*** Opening GIVEN INFORMATION ***

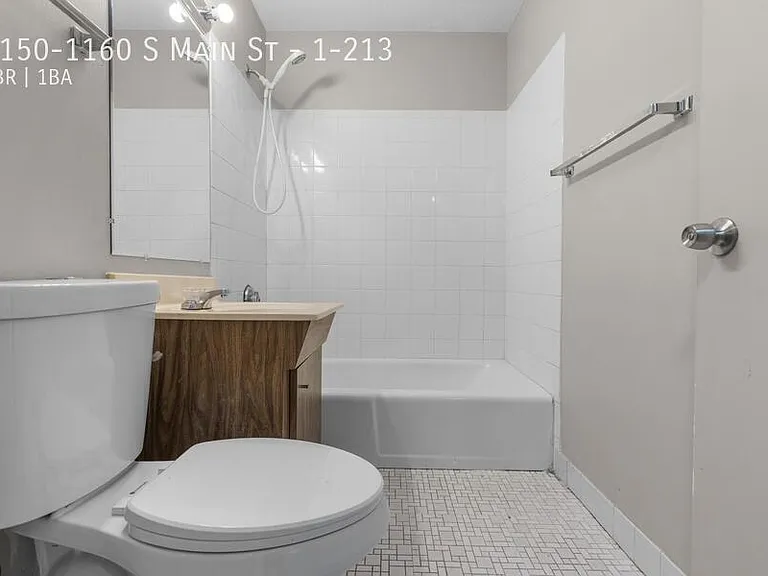 1150-1160 S Main St #1-213 — Photo 19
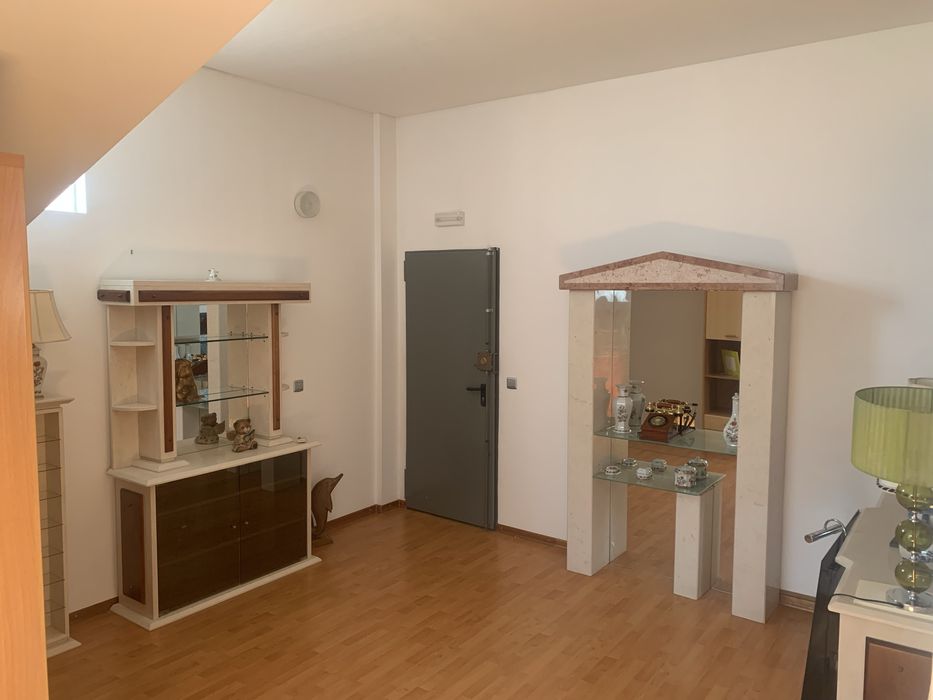 T2 lumiar metro ótima localização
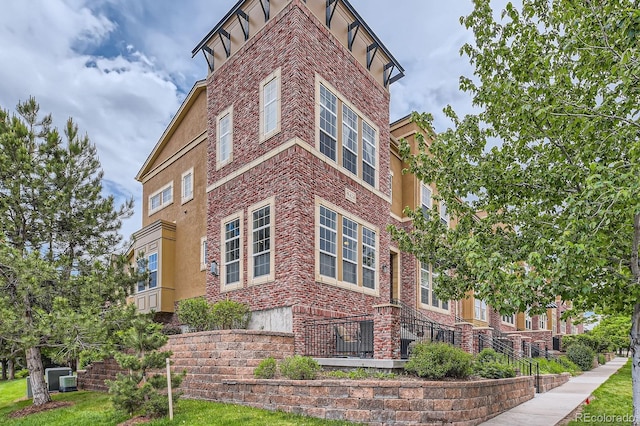 9424 Ridgeline Blvd, Highlands Ranch, CO 80129 - view of property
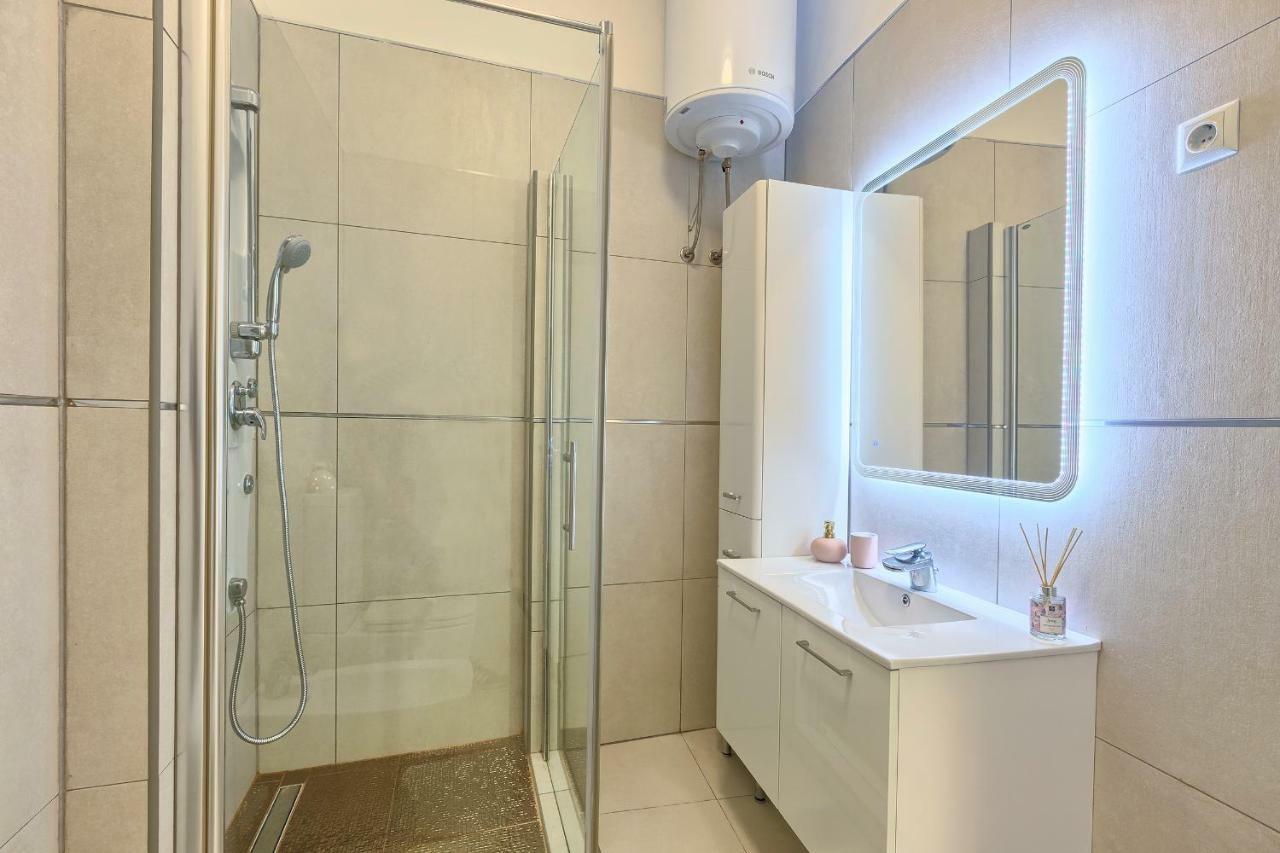 Hedone Luxury Apartment With Free Parking Пула Екстериор снимка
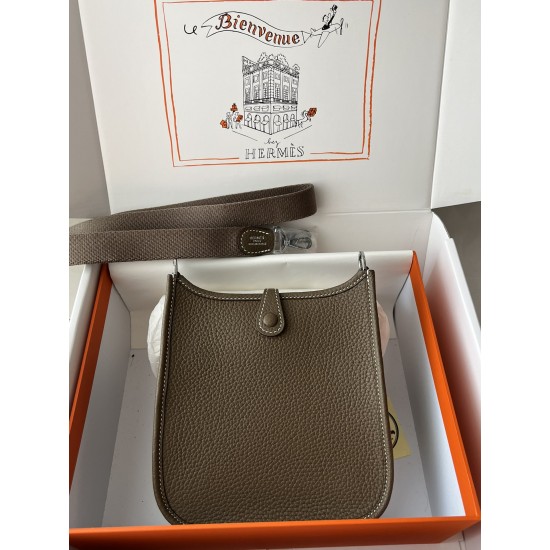 Hermes Bags Top Quality Evelyne 17cm
Hermes Bags Top Quality Evelyne 17cm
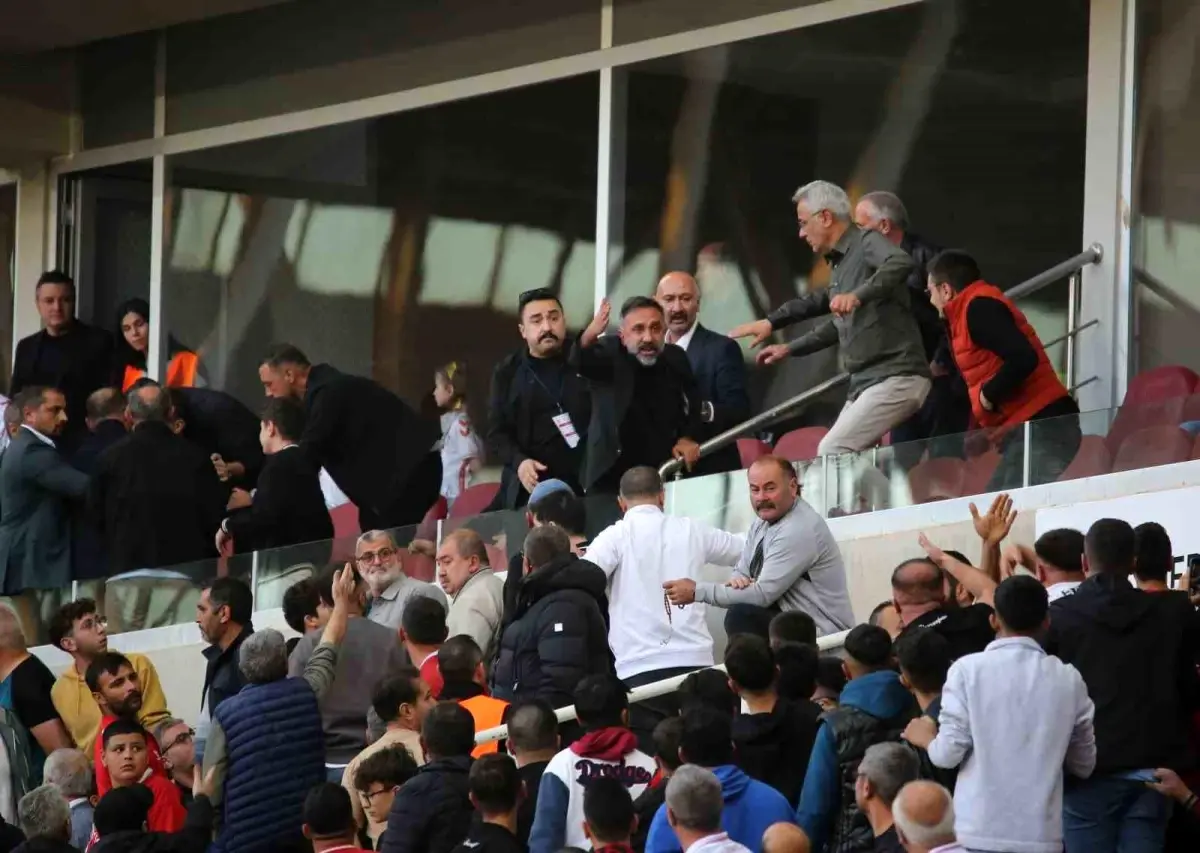 sivassporda baskan taraftarla tartisti pQv4Cvuz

*** Closing GIVEN INFORMATION ***

__WORK INSTRUCTIONS__
In your copy of the records, include no pictures; repeat everything else exactly.

__TASK RESPONSE__
 1150-1160 S Main St #1-213 — Photo 19
 T2 lumiar metro ótima localização
 9424 Ridgeline Blvd, Highlands Ranch, CO 80129 - view of property
 Hedone Luxury Apartment With Free Parking Пула Екстериор снимка
 Hermes Bags Top Quality Evelyne 17cm
Hermes Bags Top Quality Evelyne 17cm
 sivassporda baskan taraftarla tartisti pQv4Cvuz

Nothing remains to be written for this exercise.